Milena Tsvetkova published her first paper after spending a summer at SFI in 2009. Now, an Assistant Professor of Computational Social Science at the London School of Economics, Tsvetkova returned to SFI for a four-month sabbatical before beginning her application for tenure. For the past 14 years, SFI has played an important role at pivotal points in Tsvetkova's career.
“Inspiration comes from confusion, from having your perspectives and ideas challenged by exposure to other fields and research methods,” says Tsvetkova. The collaborative and interdisciplinary nature of the research at SFI offers her exactly that.

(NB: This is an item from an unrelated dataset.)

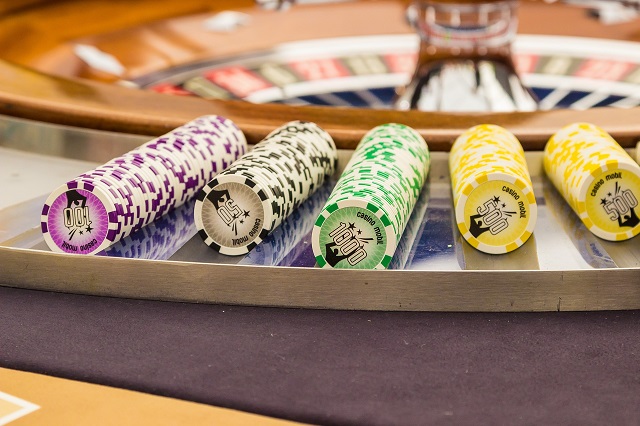 What Does A Golf Resort And Casino Usually Feature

A social scientist, Tsvetkova’s interest lies in the “fundamental mechanisms of social interaction,” from research on reciprocity to group identity and cooperation, and larger ideas such as inequality and segregation. Although these are real-world issues, much of the data can be pulled from online interactions, which mirror physical interactions, too. “I’m focused on basic social science — fundamental social phenomena that could take on certain shapes, that are more or less prominent in different social contexts but almost always dictate our social interactions regardless of where we are and what these interactions are,” she says.
It was her experience as an SFI Complex Systems Summer School student that first sparked her interest in such interactions. She had joined a project on the spread of gossip in social networks, working with a team consisting of herself, an ecologist, electrical engineer, and an urban planner. Becoming her first published paper, this project led her to pursue a Ph.D. at Cornell University.
She returned to SFI in 2013 for the Graduate Workshop in Computational Social Science. The research she conducted also resulted in a publication and friendships that have lasted years. Tsvetkova crosses paths with those other participants fairly often. “A shared SFI experience is a great way to make contacts at a conference and keep them,” she says.
Tsvetkova has since returned to London, taking back with her many possible — and unexpected — topics for future work with new collaborators.
“It was such a radical change of environment. I met so many new people and attended so many events that the four months felt like a year,” she says.